What the heck are you doing leaving X? A few guesses made, but those approaches were already tried.

6. How do I deal with bounces going back to my MX site.

"I just procmail the #@%$ out of them." -- MRW

7. Has anyone used snort? If so, impressions?

"snort rules." -- several voices

There's a PHP GUI at that's nice.

8. Nanog in Eugene?

EMV is going, MJO is not.

9. Troy is looking for roommates. What to be one?

Talk to Troy.

10. Jobs?

Msen is looking for a junior-level sysadmin.

McKinley Real Estate is looking for an IT manager.

Several people looking for jobs. If you need bodies, post something to the mailing list.

11. How do you expunge the hate that is xdm from Dread Hat?


Will rpm do it?

Change the default runlevel.

12. Anyone used webdav? If so, impressions?

It's a file transfer protocol tacked on to http (Apache has it).

No one has tinkered with it, however.

13. Looking for a software for bandwidth and latency testing. Any
suggestions? (Traffic generation, latency generation, etc.)

FreeBSD dummynet should do everything you want.

14. Any use for a flowpoint DSL router that has occasional problems?
(Recently pulled out of circulation?)

No takers.

16. When are we going to have a swap-meet?

Be careful what you ask for.

17. Any sources for cheap wireless cards, other than eBay?

Micro Center in Madison Heights ($10 after rebate, when they're having a sale, $15-ish otherwise). You've got to root around the place.

18. ATA I86 VOIP over NAT?

Some limited experiences. No idea what the NAT IP actually does, though.

19. What happened to question 15?

It was replaced by the second copy of question 22.

20. Groove is in the heart?

Peer-to-peer shared workspace for business people.

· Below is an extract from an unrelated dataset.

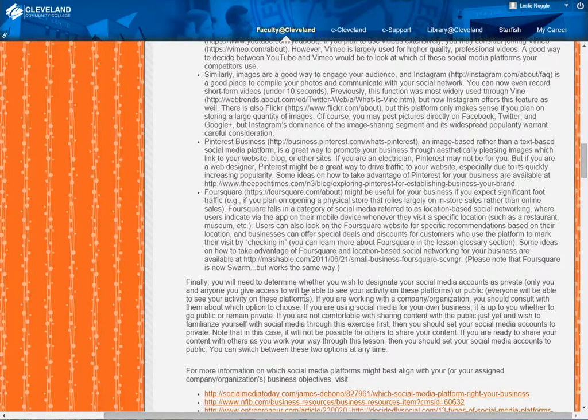However, if you're working with a real company or organization, you need to consult with whoever gave you permission to create those accounts before you make them public. They might want you to build up followers or build up postings first, so that when customers first see them, they aren't just looking at one or two posts — there's actually some substance there before they go public.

21. Suggestions for floppy/cd firewalls?

PicoBSD. CloseBSD - download, burn a CD, and go.

22. Java virtual desktop/file-share?

"Rooms" was around years ago and there may be things that have built on that.

"BTW, the Java version of eRoom will trash your machine." -- Anon.

22. Suggestions for nifty USB keychain do-dads?

Contact Tullio Proni or Chris Oesterling.

23. Why does SCS have that book?

It was only $1 for Shel Silverstein's "Where the Sidewalk End's" in Hebrew.


Mark Corner talks about:  Zero-Interaction Authentication

This is a research project, not a product, so there are some aspects that 
are not complete.


How does a device know who is typing?
   typically something you know:  password
   something you have:  smartcards
   something you are:  biometrics
   all of these are done once and assumed to hold forever

This is acceptable for PCs:  have relatively high physical security 
when someone is in my office, I know it

Doesn't work for mobile devices:  relatively low physical security

   Seattle-Tacoma airport found 330 laptops in three months
   physical possession does not equal authentication

So what?  If device is lost, an imposter [... missed the rest of this one ...]


   protect data by constantly authenticating user
   keep usable by having something answer for the user

Authentication token:  provides this ability

   worn by user for increased physical security
   enough computational power for small cryptographic tasks
   communication via short-range wireless network

Restores parity between physical possession and authentication


   Threat model
   how is the machine protected?
   how does the machine depend on the token?
   how do we improve performance


   Linux prototype system with iPAQ handheld token


   what is the cost of protection
   what overhead does ZIA add
   how fast can the machine be secured and recovered?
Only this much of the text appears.